The Sorong Fault Zone Kinematics: Implication for Structural Evolution on Salawati Basin, Seram and Misool, West Papua, Indonesia

Putri Riadini1; Benyamin Sapiie2

(1) Exploration, APEC-Bunga Mas International Company, Jakarta, Indonesia.

(2) Geology Departement, Institute Technology Bandung, Bandung, Indonesia.

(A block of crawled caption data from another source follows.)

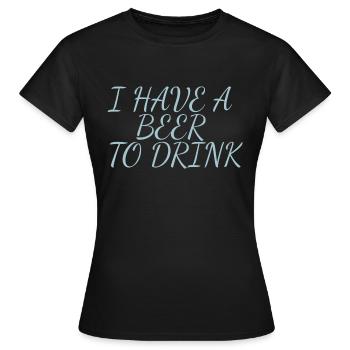 i have a beer to drink - Women's T-Shirt - black - Front - AI Model Female 172 dark (172cm)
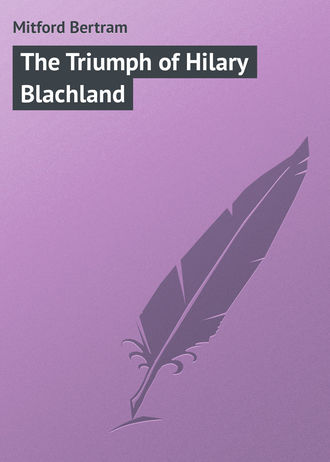 Обложка книги «The Triumph of Hilary Blachland»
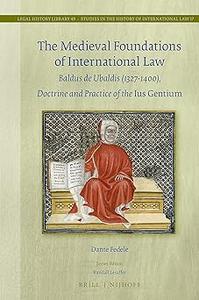 The Medieval Foundations of International Law Baldus De Ubaldis 1327–1400, Doctrine and Practice of the Ius Gentium
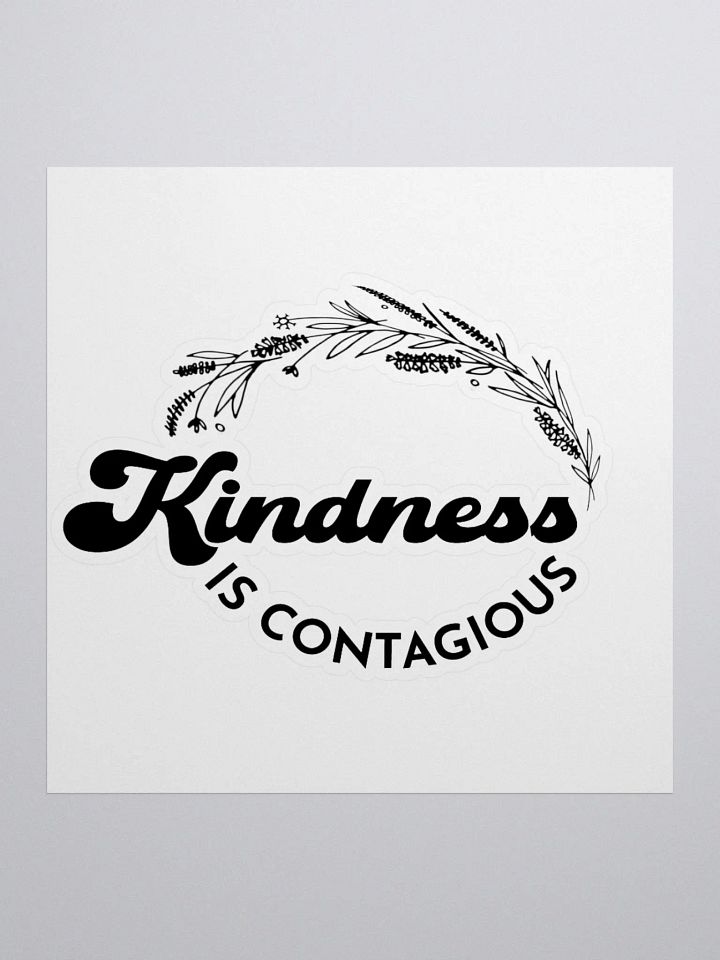 Kindness is Contagious Sticker product image (1)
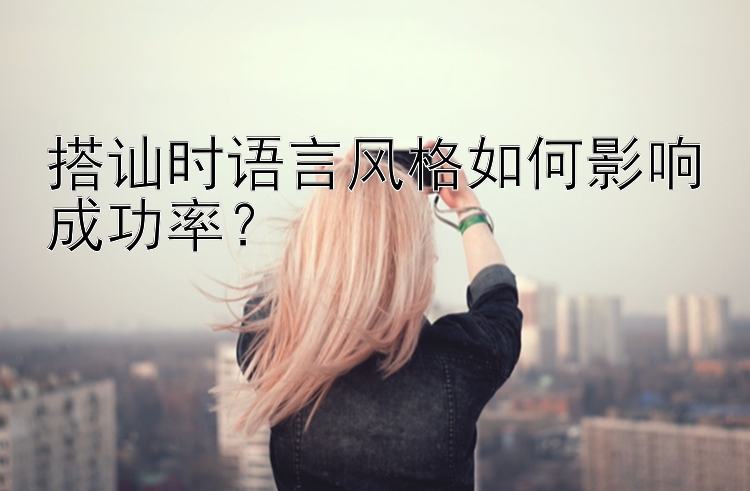 搭讪时语言风格如何影响成功率？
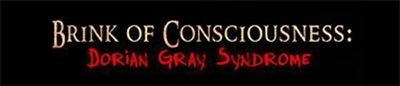 Brink of Consciousness: Dorian Gray Syndrome Collector's Edition - Clear Logo Image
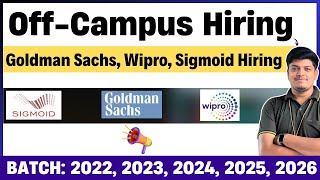 🔥Wipro Goldman Sachs Sigmoid Biggest Hiring  OffCampus Drive 2024 2023 2022 2025 2026 [upl. by Rozanna]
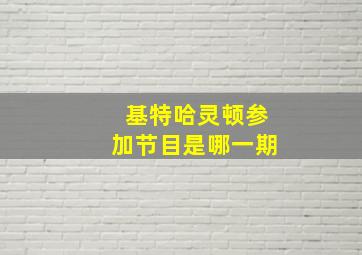 基特哈灵顿参加节目是哪一期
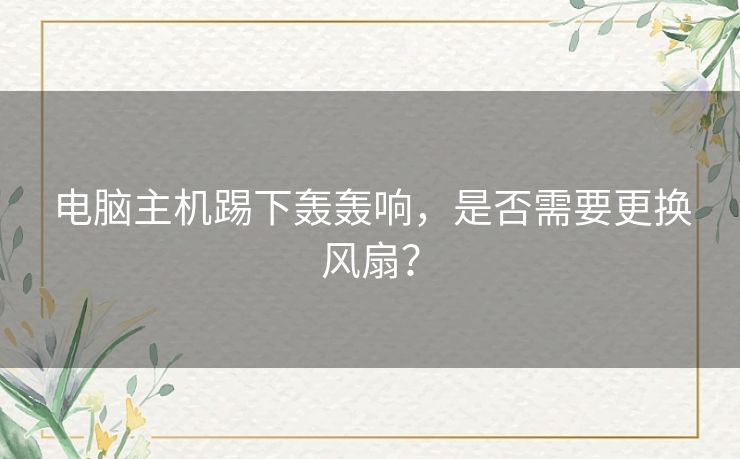 电脑主机踢下轰轰响，是否需要更换风扇？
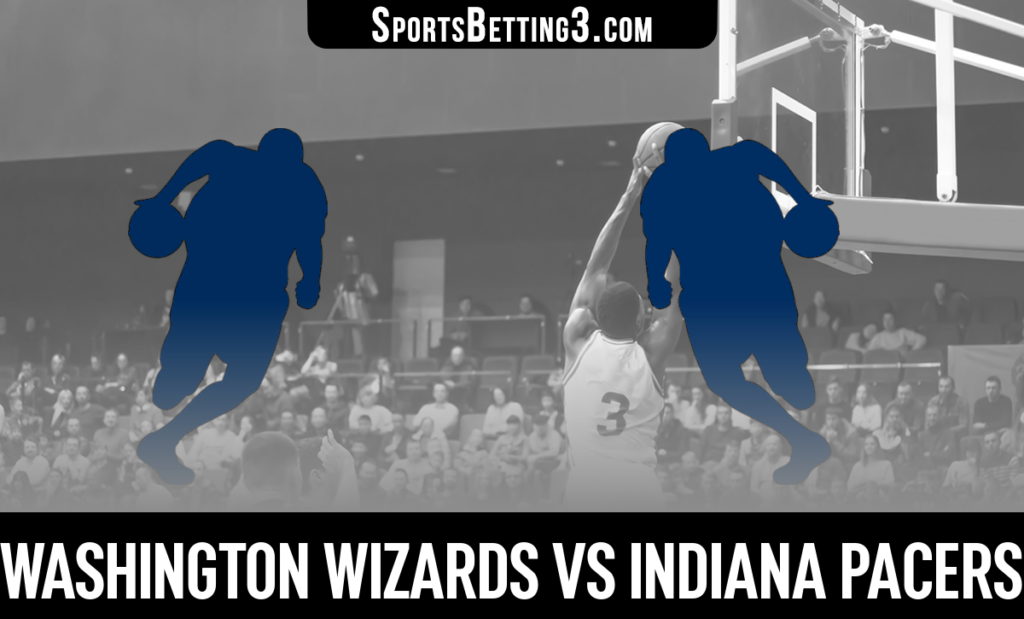 Washington Wizards vs Indiana Pacers Betting Odds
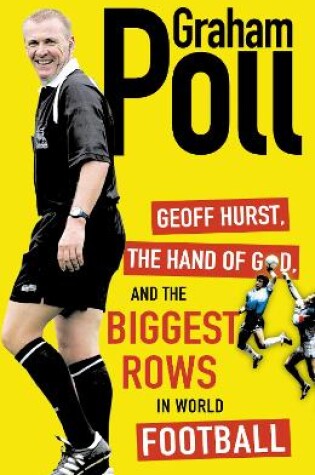 Cover of Geoff Hurst, the Hand of God and the Biggest Rows in World Football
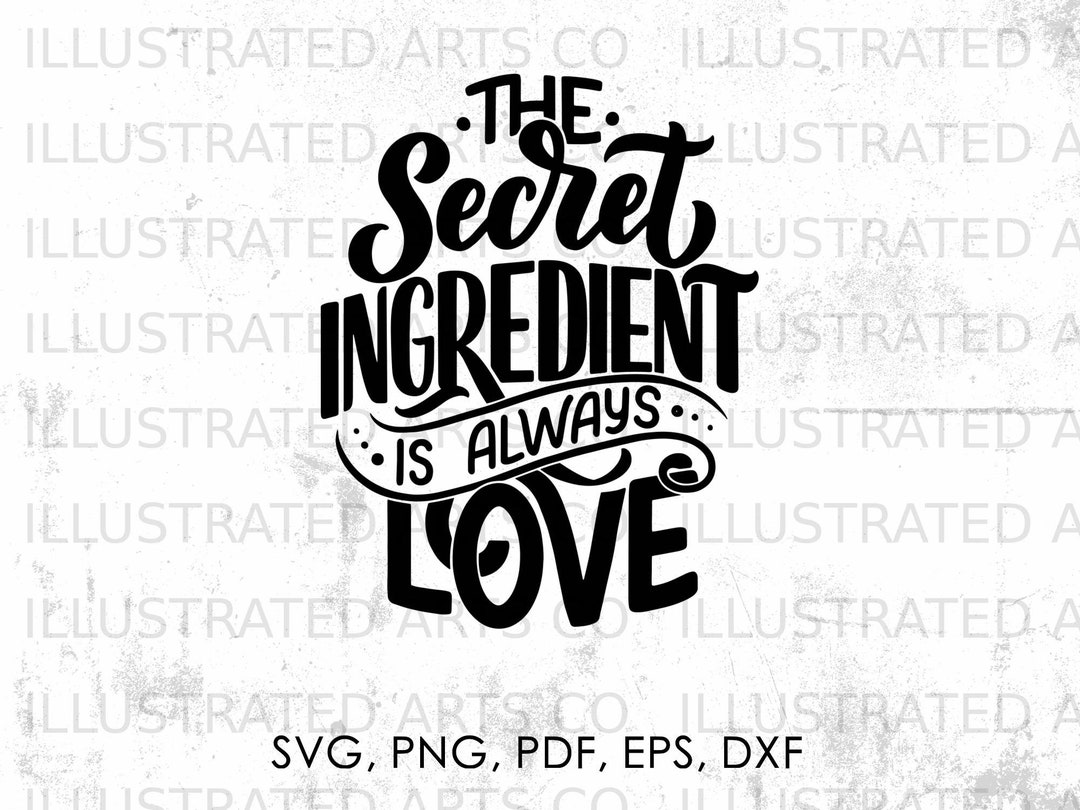 The Secret Ingredient is Love Svg, Cooking Svg, Png, Pdf, Eps, Dxf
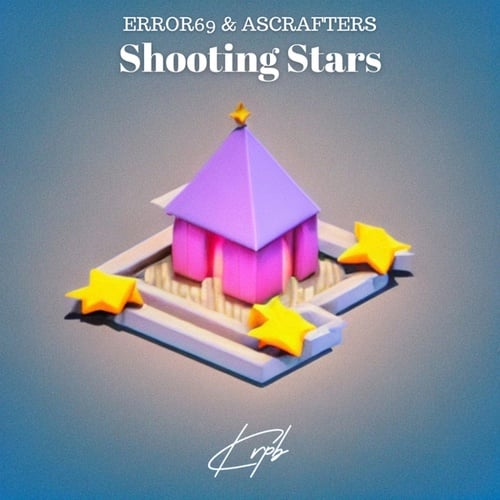 ERROR69, Ascrafters-Shooting Stars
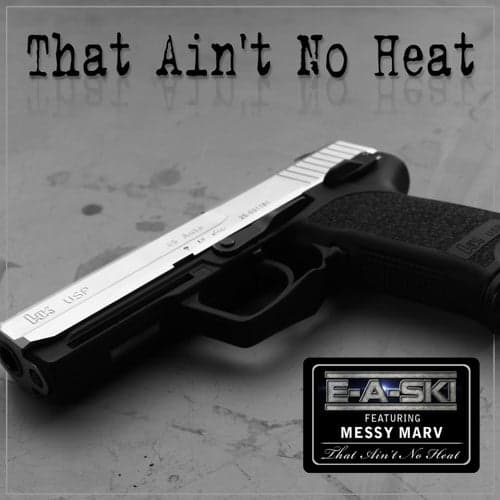 That Ain't No Heat (feat. Messy Marv) - Single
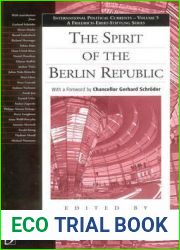 The Spirit of the Berlin Republic (International Political Currents, 5)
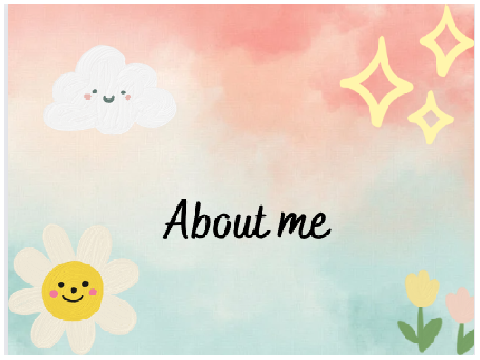 About Me ✧♡(◕‿◕✿)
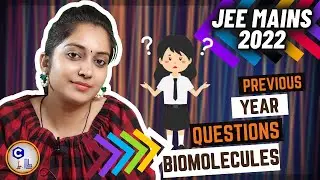 Biomolecules JEE Mains PYQ | Biomolecules Previous Year Questions JEE Mains | Biomolecules PYQ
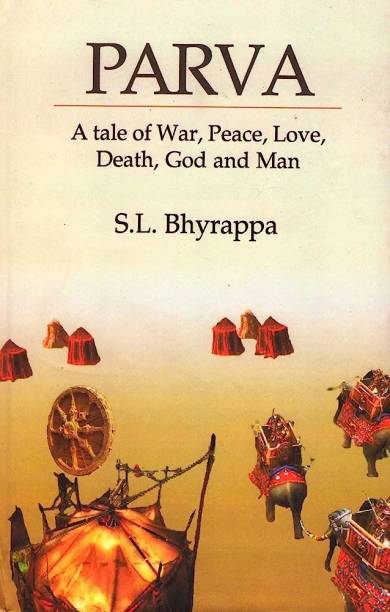Parva A Tale Of War, Peace Love, Death, God & Man By S....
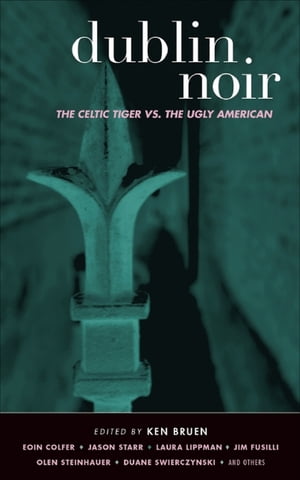 Dublin Noir The Celtic Tiger vs. the Ugly American【電子書籍】[ Ken Bruen ]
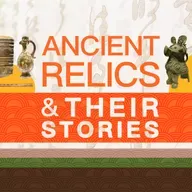 Welcome to "Ancient Relics and Their Stories"!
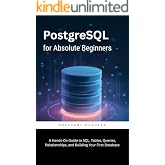 PostgreSQL for Absolute Beginners: A Hands-On Guide to SQL, Tables, Queries, Relationships, and Building Your First Database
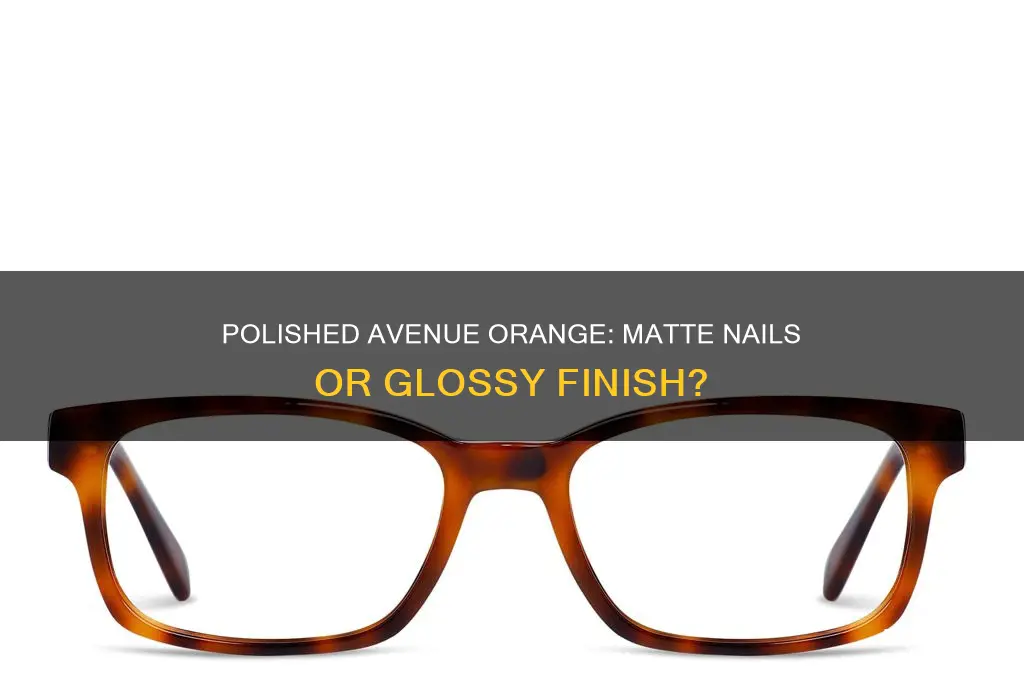 does polished avenue orange do matte nails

The Sorong Fault Zone (SFZ) is an active left lateral fault system that active since the Late Miocene. The SFZ is located in the northern margin of Papua, Indonesia, extended thousand kilometers from the Eastern part of the island to the Bird’s Head region. Our new model indicates that SFZ moved the Bird’s Head area, including Salawati Basin to the west, related to the movement of the Pacific Plate. The movement of SFZ involves rotation and translation that separates Salawati Basin from the Bird’s Head region with basement high as the boundary of the basin, and also give an implication to the evolution of Seram Fold Thrust Belt (SFTB) and Misool Onin Kumawa Anticline (MOKA). More than 200 seismic lines have been interpreted along Seram, Misool, and Salawati offshores. These interpretations show the development of listric and planar normal faulting at Western part of Misool island and flower structure at NW Bird’s Head region. This faulting activity was interpreted as a result of SFZ activities, which cut Paleozoic through the Tertiary formations. The listric and planar normal fault in the Salawati Basin explains the block rotation mechanism that related to the Bird’s Head movement to the west. In addition, flower structures that observed at NW Bird’s Head indicate the shortening effect of the SFZ activities. Seemingly, rotation and translation of SFZ to the west are associated with the evolution of SFTB that indicate by NE-SW shortening perpendicular to the island. The deformation in the SFTB showed the development of fold-thrust belt structure at Seram Trough area, which repeated the Mesozoic-Miocene sequences, with the detachment surface located between Seram and Seram Trough. Reverse fault at Mesozoic through Miocene sequences in the north of the trough and at Misool area are reactivated normal faults formed during the NW shelf of Australia rifting since the Mesozoic. Therefore, SW directed shortening as a response of the Bird’s Head region movement combined with additional westward movement of Tarera-Aiduna strike-slip system forms the SFTB. New seismic interpretations combined with palinspatic reconstruction suggest that there are rotation and translation phase in relation to SFZ mechanism that develops the Salawati Basin, MOKA, and SFTB. These deformations mechanism are active since the Late Miocene related to the collision between Pacific island arc complexes and passive margin of the NW Australian plate.